**TASK REQUIREMENTS**
In the entries below, find the line containing "So our increase" and the line containing "And that's the". Copy those two lines and everything between them exactly, without the pictures.

**DATA RECORDS**
'''

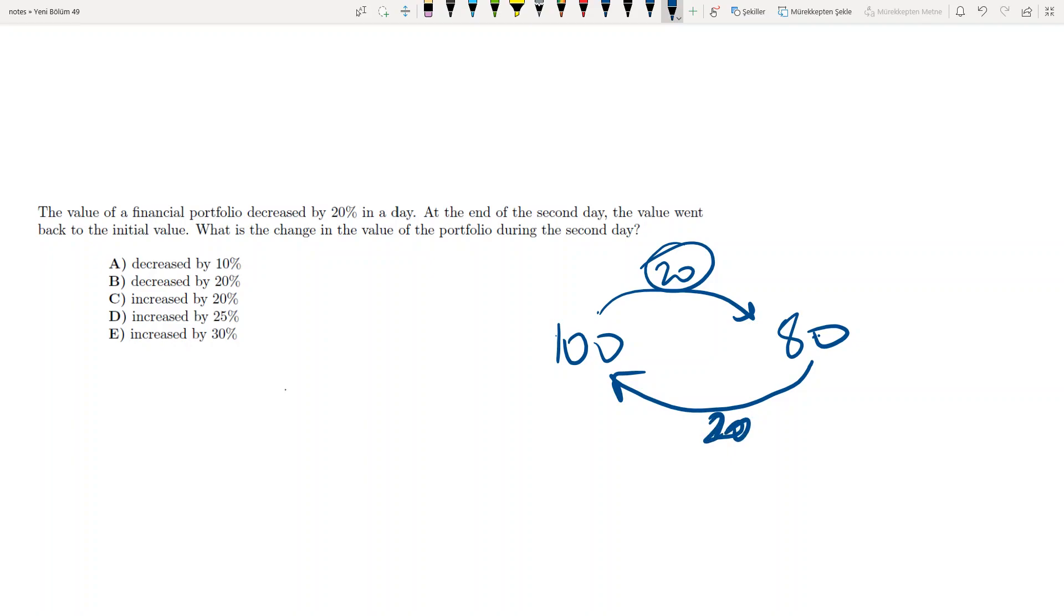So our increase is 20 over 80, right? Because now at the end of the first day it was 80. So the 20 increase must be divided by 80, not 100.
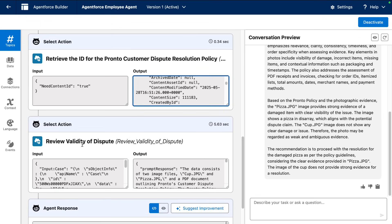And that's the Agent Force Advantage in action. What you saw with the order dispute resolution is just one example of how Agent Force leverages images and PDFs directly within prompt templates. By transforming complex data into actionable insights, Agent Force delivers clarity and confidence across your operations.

'''
'''

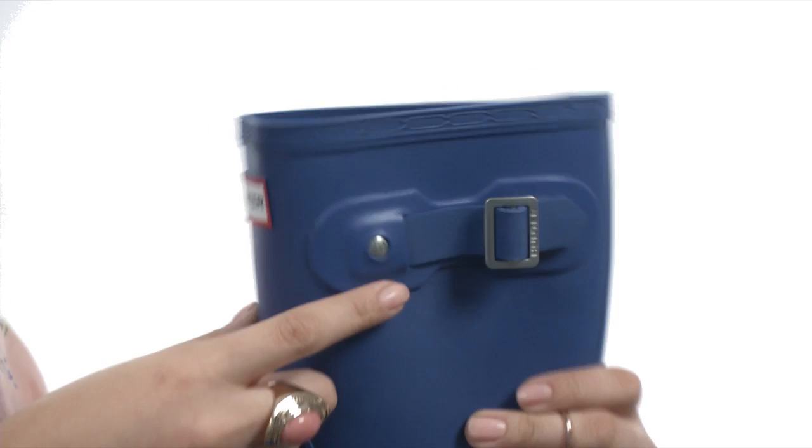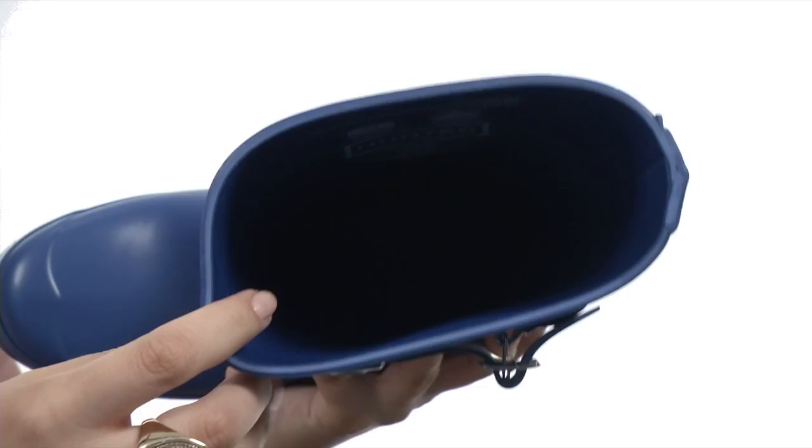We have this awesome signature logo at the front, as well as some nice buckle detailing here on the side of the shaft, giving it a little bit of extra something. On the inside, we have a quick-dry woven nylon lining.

'''

**TASK ANSWER**
So our increase is 20 over 80, right? Because now at the end of the first day it was 80. So the 20 increase must be divided by 80, not 100.
And that's the Agent Force Advantage in action. What you saw with the order dispute resolution is just one example of how Agent Force leverages images and PDFs directly within prompt templates. By transforming complex data into actionable insights, Agent Force delivers clarity and confidence across your operations.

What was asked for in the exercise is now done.